Chapter 4 – The conditions of flow

  • Every flow activity provides a sense of discovery, a creative feeling of transporting the person into a new reality. It pushes the person to higher levels of performance, and leads to previously undreamed-of states of consciousness. In short, it transforms the self by making it more complex. In this growth of the self lies the key to flow activities.
  • It is the dynamic feature that explains why flow activities lead to growth and discovery. One cannot enjoy doing the same thing at the same level for long. We grow either bored or frustrated; and then the desire to enjoy ourselves again pushes us to stretch our skills, or to discover new opportunities for using them.
  • One of the most ironic paradoxes of our time is this great availability of leisure that somehow fails to be translated into enjoyment.
  • A less drastic obstacle to experiencing flow is excessive self-consciousness.
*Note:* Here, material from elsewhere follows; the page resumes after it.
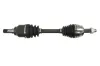 Antriebswelle Vorderachse links PASCAL G2X039PC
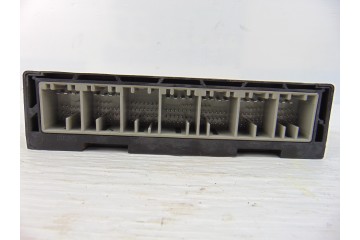 Módulo electrónico, Opel Insignia Berlina Cosmo 2010, 13575111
A person who is constantly worried about how others will perceive her, who is afraid of creating the wrong impression, or of doing something inappropriate, is also condemned to permanent exclusion from enjoyment. So are people who are excessively self-centered. A self-centred individual is usually not self-conscious, but instead evaluates every bit of information only in terms of how it relates to her desires.
  • Both a self-conscious and self-centred person lack the attentional fluidity needed to relate to activities for their own sake; too much psychic energy is wrapped up in the self, and free attention is rigidly guided by its needs.
  • The traits that make an automatic personality are most clearly revelled by people who seem to enjoy situations that ordinary persons would find unbearable.
  • They pay close attention to the most minute of details of their environment, discovering in it hidden opportunities for action that match what little they are capable of doing, given the circumstances. Then they set goals appropriate to their precarious situation, and closely monitor progress through the feedback they receive. Whenever they reach their goal, they up the ante, setting increasingly complex challenges for themselves.
  • Some people are born with a more focused and flexible neurological endowment, or are fortunate to have had parents who promoted unselfconscious individuality. But it is an ability open to cultivation, a skill one can perfect through training and discipline.
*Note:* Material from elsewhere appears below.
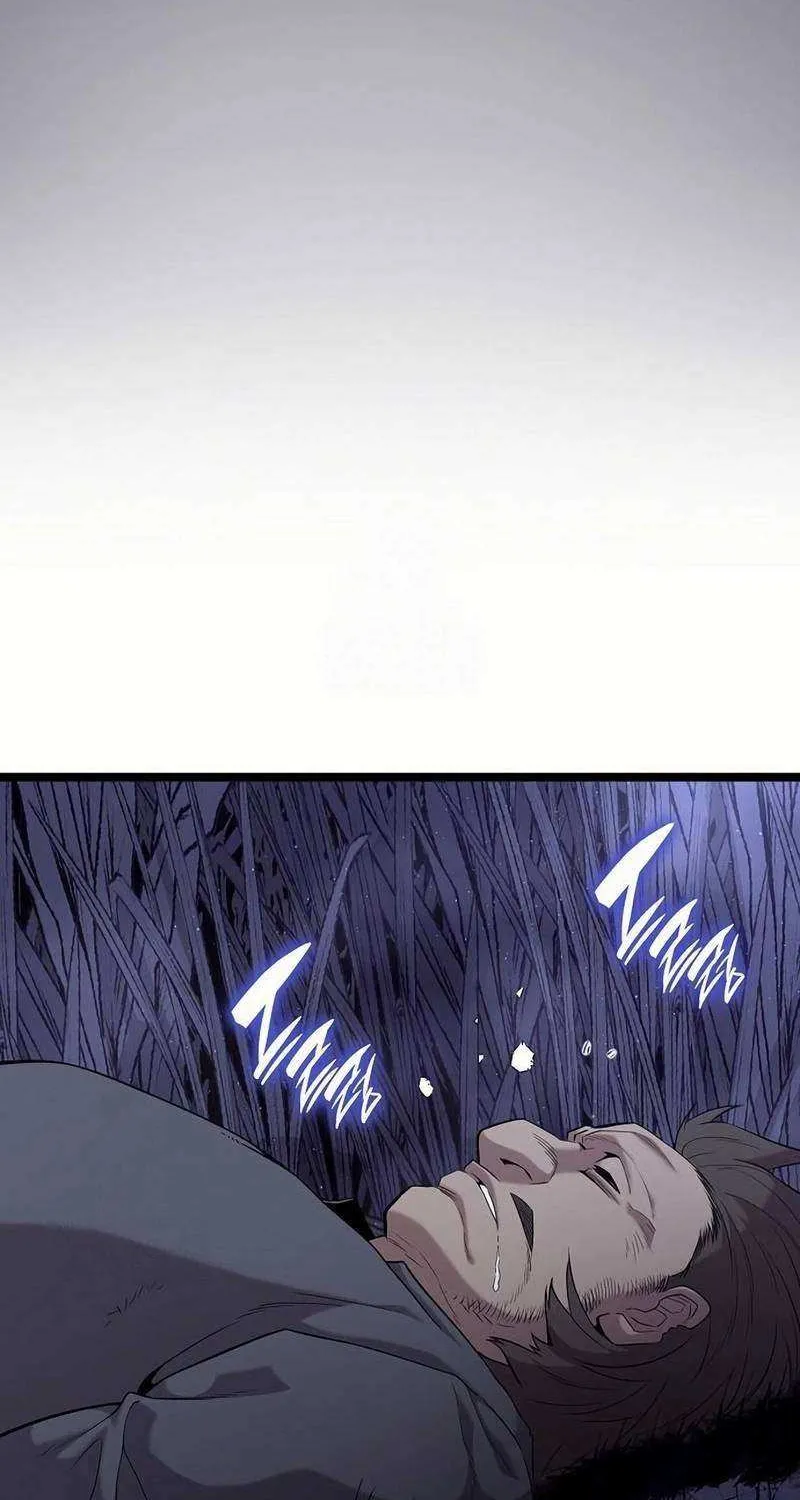 Chronicles of the Tang Sect Chapter 24 page 28 -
Chapter 5 – The body in flow

  • “A man possesses nothing certainly save a brief loan of his own body,” wrote J.B. Cabell, “yet the body of man is capable of much curious pleasure.” When we are unhappy, depressed, or bored we have an easy remedy at hand: to use the body for all it’s worth. But the almost unlimited potential for enjoyment that the body offers often remains unexploited.
  • Even the simplest physical act becomes enjoyable when it is transformed so as to produce flow. The essential steps in the process are: a) to set and overall goal, and as many subgoals as ware realistically feasible; b) to find ways of measuring progress in terms of the goals chosen; c) to keep concentrating on what one is doing, and to keep making finer and finer distinctions in the challenges involved in the activity; d) to develop the skill necessary to interact with the opportunities available; and e) to keep raising the stakes if the activity becomes boring.
  • Enjoyment does not depend on what you do, but rather on how you do it.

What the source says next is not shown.